JR à JM (49/02/25)

 

Vendredi 25 Février 1949

Mon chéri,

J’ai reçu tout à l’heure un coup de téléphone de cet excellent petit homme qui, avant de partir, a voulu me donner de tes bonnes nouvelles. Il s’embarque demain matin, et me dit vous avoir fait hier une longue visite. J’imagine qu’il doit laisser de grands regrets parmi vous tous. Il est d’une bonté et d’une bonne humeur réconfortante. Moi-même, depuis son coup de téléphone d’adieu, j’ai l’impression de me trouver un peu plus abandonnée encore.

Je m’ennuie. Non pas que les nouvelles soient plus mauvaises. Au contraire. Je sais qu’on veille sur toi comme il convient. J’ai même si confiance dans le résultat final que je souhaiterais —si je ne savais que ton désir est différent— que la décision soit tout de suite prise.

Je n’ai pas peur du tout. Mais je m’ennuie quand même. Et je voudrais surtout que tu n’en paraisses pas surpris.

Tu m’as écrit une très jolie lettre cette semaine. Mais ça ne me console pas. Et je suis triste parce que mes cheveux vont blanchir trop vite. Et tu tardes trop à rentrer. Tu n’as rien dû comprendre à ma dernière lettre. Je t’accusais à tort. Je n’ai su que tout à l’heure qu’il y avait eu un retard de 7 jours.

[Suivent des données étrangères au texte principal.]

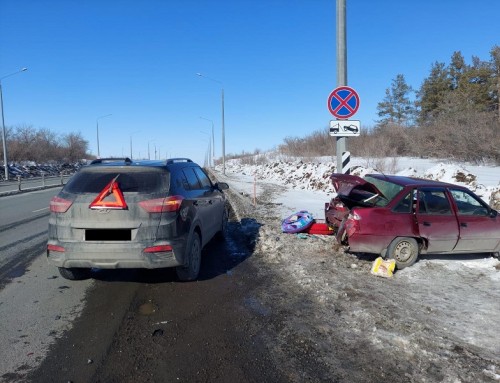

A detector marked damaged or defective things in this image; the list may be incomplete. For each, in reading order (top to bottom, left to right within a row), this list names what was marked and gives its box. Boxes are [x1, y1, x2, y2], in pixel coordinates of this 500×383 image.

damaged red sedan [324, 174, 500, 270]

Quelles nouvelles pourrais-je te donner ? Je ne sais pas grand chose… qu’on parle de supprimer, en juin, les Cours de Justice ?… Voilà qui ne nous intéresse plus guère.

J’ai su que tu étais actuellement chez le Garde des Sceaux. J’en ai aussitôt informé Leroy, afin qu’il fasse les démarches nécessaires. Je continuerai à lui téléphoner de temps en temps. Mais, sois tranquille, il ne te perd pas de vue.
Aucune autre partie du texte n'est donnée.